Antibodies have been coined the ‘magic bullets’ against many human diseases. However, there remains significant challenges in the engineering of antibodies targeting multi-pass membrane proteins, which encompass a large number of therapeutic targets such as cell surface receptors and the ion channel proteins. The difficulty in engineering binders to membrane proteins stems from the limitation of the current in vitro selection/panning technologies, such as phage display, which require highly purified target protein. Unfortunately, membrane proteins are often refractory to purification due to their dependence on the cell membrane for proper folding and activity. Currently, there is no effective in vitro technology for the discovery/engineering of binders to multi-pass membrane proteins. The overall goal of this study is to develop a novel technology – SMURF (Simple proxiMity coUpled mRNA display) – for engineering protein binders to protein targets on the cell surface, thus bypassing the need to purify the target protein. SMURF combines mRNA display with the proximity-assisted-DNA-assembly phenomenon and, unlike conventional panning in which all binders to a solid support are enriched, SMURF fosters the enrichment of binders only to a desired target protein on the cell surface. In Aim 1, we will demonstrate the SMURF principle using oligonucleotides and optimize the primer sequences. Aim 2 will establish the SMURF enrichment of a model protein in a mixture of non-target proteins in solution. Finally, in Aim 3, a model protein will be displayed on the mammalian cell surface and a library of binders will be screened to demonstrate and quantify the whole-cell SMURF enrichment efficiency. The successful completion of this study will establish a novel technology for facile discovery/engineering of binders to whole-cell-displayed membrane proteins and should greatly expand the repertoire of drug targets amenable to therapeutic intervention.

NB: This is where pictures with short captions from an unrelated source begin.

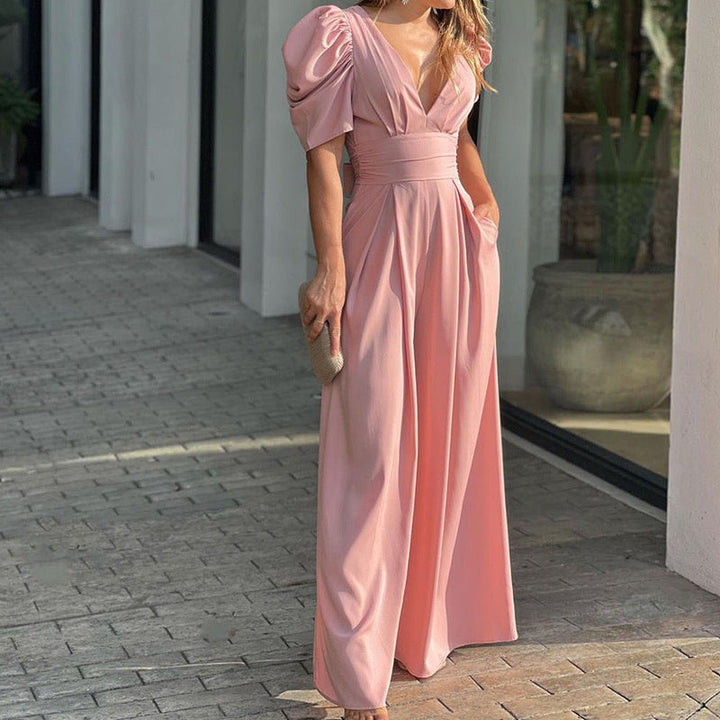 Roswitha | Damen V-Ausschnitt Puffärmel Jumpsuit - Green - Image 6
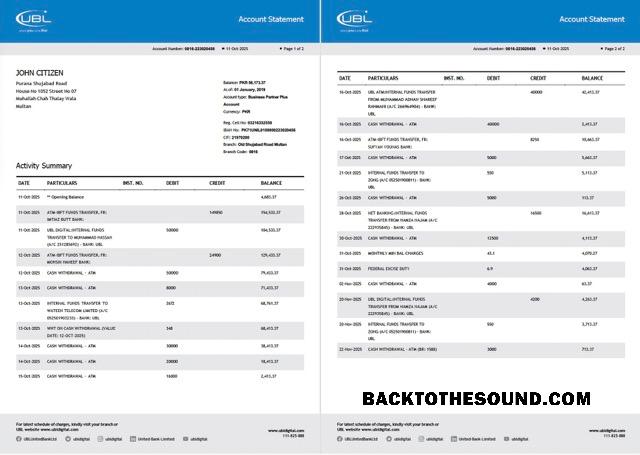 Premium İndir Pakistan birleşik Banka Limited Hesap Hesap Özeti Word and PDF Şablon, 2 pages Örnek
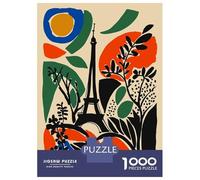 Jigsaw Puzzles for Adults 1000 Pieces Eiffel Tower Abstract Art Print Puzzles for Adults Relaxing Games Birthday Present Challenging To Complete 70x50cm/1000pcs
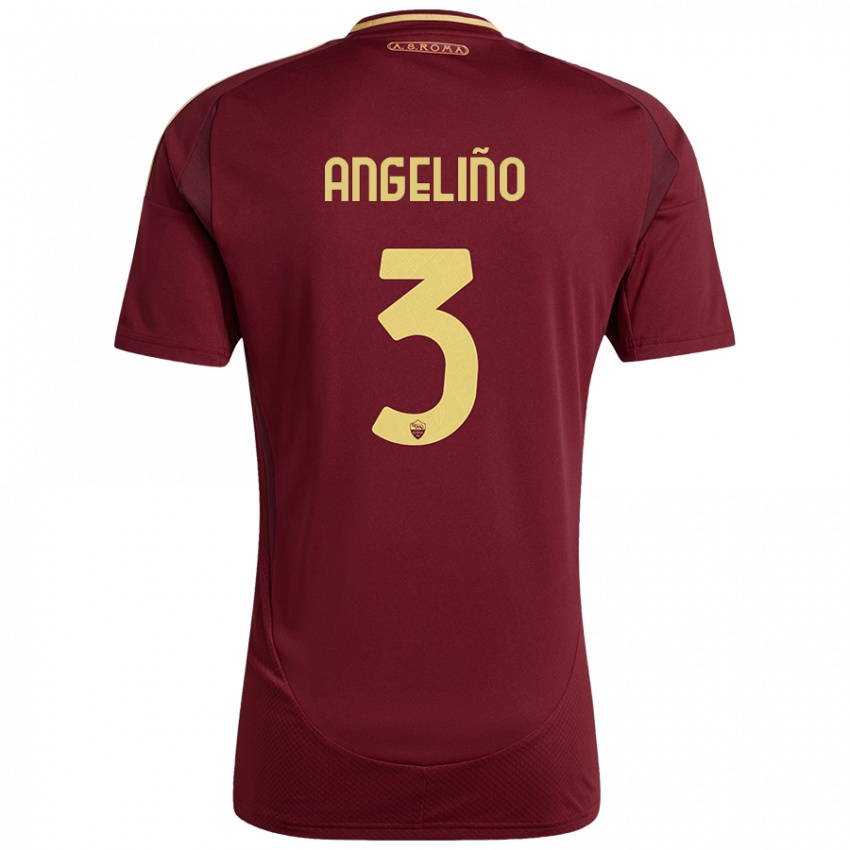 Niño Camiseta Angelino #3 Rojo Marrón Dorado 1ª Equipación 2024/25 La Camisa México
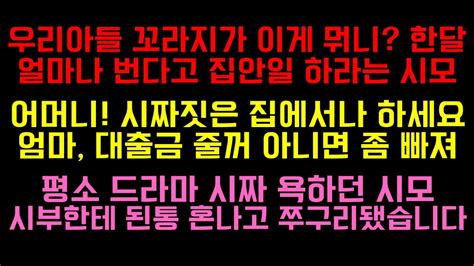 사이다사연우리아들 꼬라지가 이게뭐니얼마나 번다고 집안일 하라는 시모어머니 시짜는 집에서나 하세요엄마 대출금 줄꺼 아니면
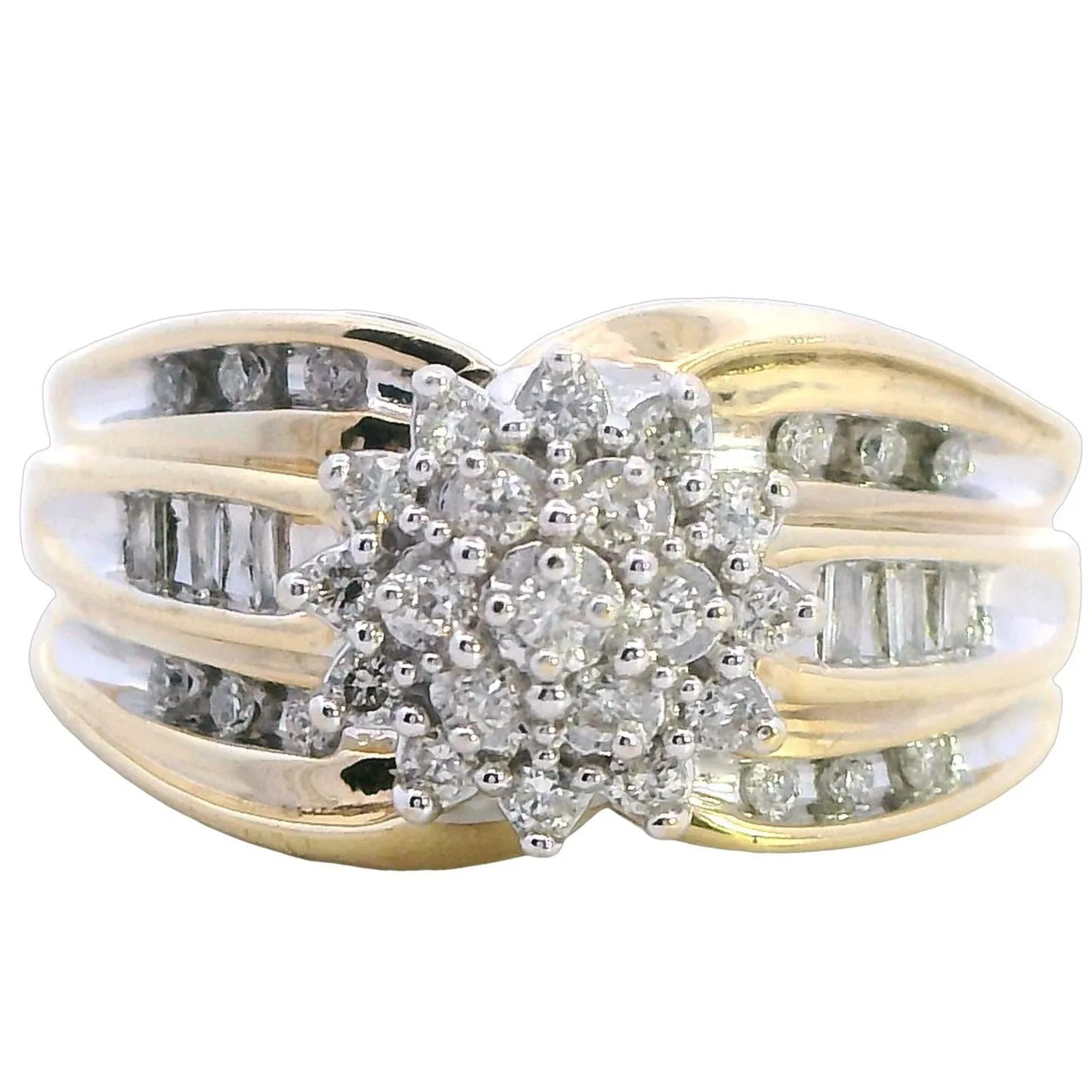 Luxurious 9ct Yellow Gold & Diamond Cluster Ring - Heartfelt Gift for Valentines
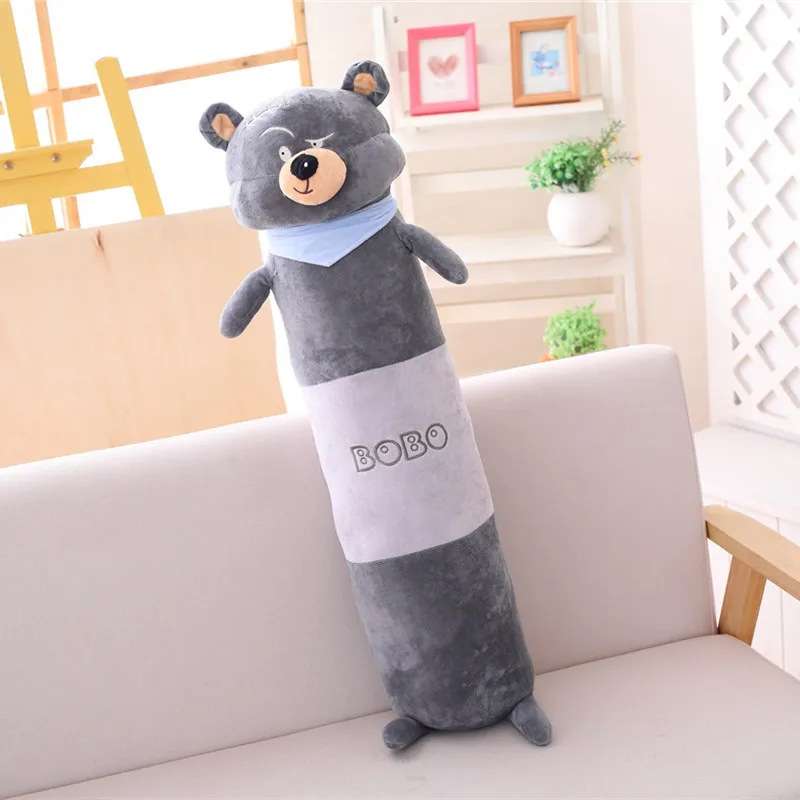 grey Kawaii животные цилиндрический медведь плюшевая подушка мультфильм Длинные Животные Мягкий Спальный валик Беременная Подушка с изображением женщины девушка подарок любовника - Цвет: grey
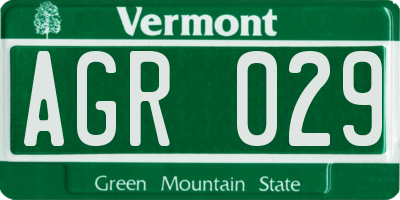 VT license plate AGR029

抗体被称为对抗许多人类疾病的“灵丹妙药”，但抗体仍然存在。 针对多通道膜蛋白的抗体工程面临重大挑战， 涵盖大量治疗靶点，例如细胞表面受体和离子通道蛋白。 工程化膜蛋白结合剂的困难源于目前体外技术的限制 选择/淘选技术，例如噬菌体展示，需要高度纯化的目标蛋白。 不幸的是，膜蛋白由于对细胞的依赖性而通常难以纯化 目前，还没有有效的体外技术来实现正确的折叠和活性。 多通道膜蛋白结合剂的发现/工程化本研究的总体目标是开发。 一项新技术 – SMURF（简单邻近耦合 mRNA 显示） – 用于工程蛋白质结合剂 蛋白质靶向细胞表面，从而无需纯化 SMURF 组合。 mRNA 展示具有邻近辅助 DNA 组装现象，与传统的淘选不同 固相支持物上的所有结合物均被富集，SMURF 仅促进结合物的富集至所需的值 在目标 1 中，我们将使用寡核苷酸演示 SMURF 原理。 目标 2 将建立模型蛋白的 SMURF 富集。 最后，在目标 3 中，模型蛋白质将显示在溶液中。 将筛选哺乳动物细胞表面和粘合剂库以展示和量化全细胞 SMURF 富集效率这项研究的成功完成将建立一种新技术。 轻松发现/设计全细胞展示膜蛋白的结合物，并且应该大大扩展 适合治疗干预的药物靶点清单。